February 12th was already here, but what I described in the preceding paragraphs above happened later in the day, while my part of the story happened much earlier.
The director of the course I was in had granted us the morning off to study for our written exam. I will be honest I did not use it to study, but rather to spend time with my then 3-year-old and 11-month-old daughters. That time was something I could never get back, and I had missed enough time with them at this point.
So I stayed home with them and my wife headed to the gym to swim. I decided to start a load of laundry in the basement, while setting the girls up to play in the living room.
It was around 900am in Wisconsin, and in California Chris was still yet to be found.
While in the pool swimming, the manager of the gym came to my wife and interrupted her with a surprise, “There are some people out front waiting to see you.” She replied with, “Can I get dressed first?” And the answer to her question was, “No, you need to come now.” So out of the pool she went.

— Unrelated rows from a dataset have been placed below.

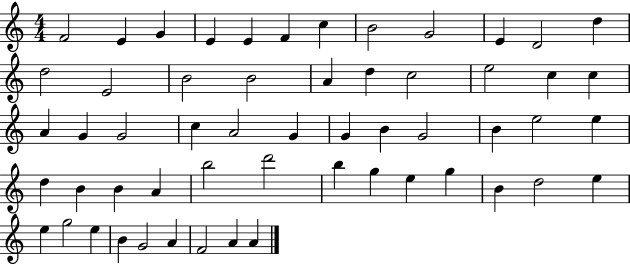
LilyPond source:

{
  \clef treble
  \numericTimeSignature
  \time 4/4
  \key c \major
  f'2 e'4 g'4 | e'4 e'4 f'4 c''4 | b'2 g'2 | e'4 d'2 d''4 | \break d''2 e'2 | b'2 b'2 | a'4 d''4 c''2 | e''2 c''4 c''4 | \break a'4 g'4 g'2 | c''4 a'2 g'4 | g'4 b'4 g'2 | b'4 e''2 e''4 | \break d''4 b'4 b'4 a'4 | b''2 d'''2 | b''4 g''4 e''4 g''4 | b'4 d''2 e''4 | \break e''4 g''2 e''4 | b'4 g'2 a'4 | f'2 a'4 a'4 | \bar "|."
}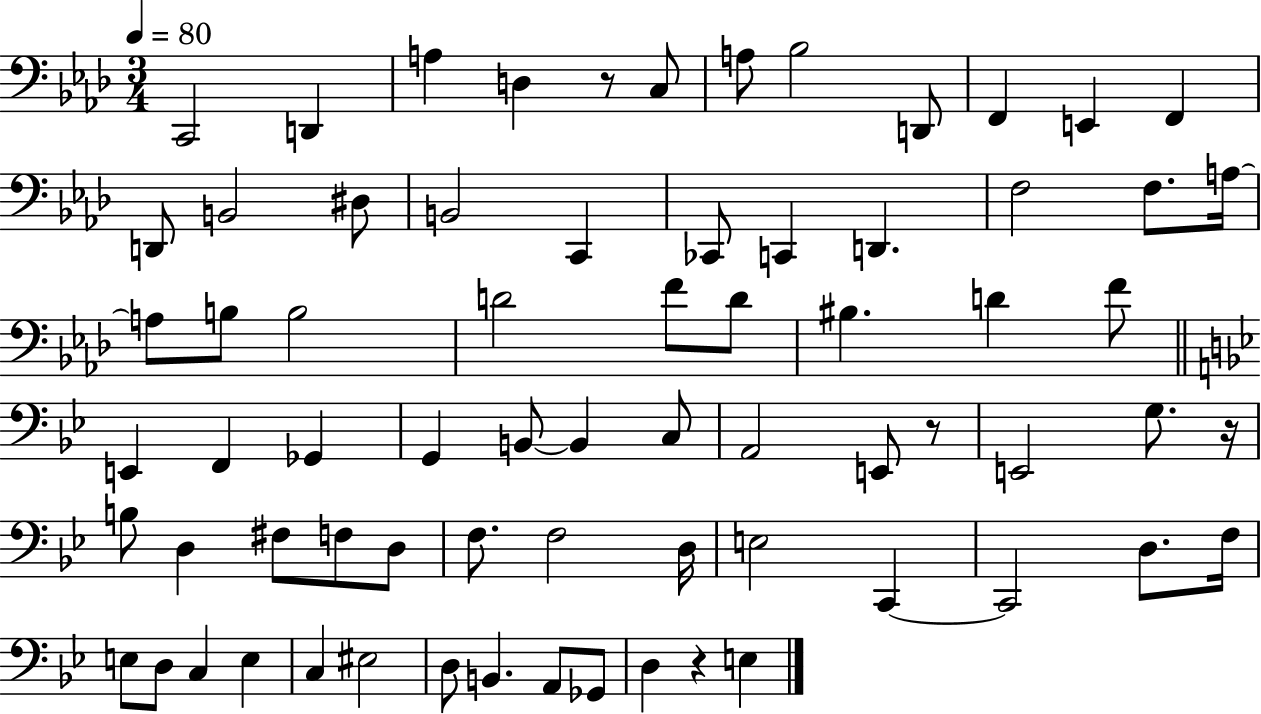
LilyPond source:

{
  \clef bass
  \numericTimeSignature
  \time 3/4
  \key aes \major
  \tempo 4 = 80
  c,2 d,4 | a4 d4 r8 c8 | a8 bes2 d,8 | f,4 e,4 f,4 | \break d,8 b,2 dis8 | b,2 c,4 | ces,8 c,4 d,4. | f2 f8. a16~~ | \break a8 b8 b2 | d'2 f'8 d'8 | bis4. d'4 f'8 | \bar "||" \break \key bes \major e,4 f,4 ges,4 | g,4 b,8~~ b,4 c8 | a,2 e,8 r8 | e,2 g8. r16 | \break b8 d4 fis8 f8 d8 | f8. f2 d16 | e2 c,4~~ | c,2 d8. f16 | \break e8 d8 c4 e4 | c4 eis2 | d8 b,4. a,8 ges,8 | d4 r4 e4 | \break \bar "|."
}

As all of this was happening, I was still in the basement. Before I could get back upstairs, I heard someone pounding on the back door. As I rushed upstairs I was worried about the girls. Almost instantaneously my wife yelled my name. As I opened the door from the basement into the kitchen I was grabbed and slammed against the wall. My wife had tears streaming down her face.
Seven US Federal Marshals had stormed our home. They had their rifles drawn, and there were 4 black SUVs lining the perimeter of our snow-covered yard. My wife begged them to put the guns away. My girls were just a few feet away in the other room. The officers began to raid the house, room by room. Everything was searched. For some reason, they appeared to believe that a 300-pound African American man was actually hiding in my home. My wife and I were separated into different rooms and the barrage of questions began. I had evidence of my limited interactions with Chris in my journal and they had evidence in the phone records that they had on me.
They occupied our home for about two hours, and I seemed to build instant rapport with them. Then they helped us push my wife’s car out of the snow. I will be honest, I remained a little startled for the rest of the day. Off I eventually went to school for a couple of hours of lecture. While there, a lot was happening in southern California, but I had no idea until I returned home.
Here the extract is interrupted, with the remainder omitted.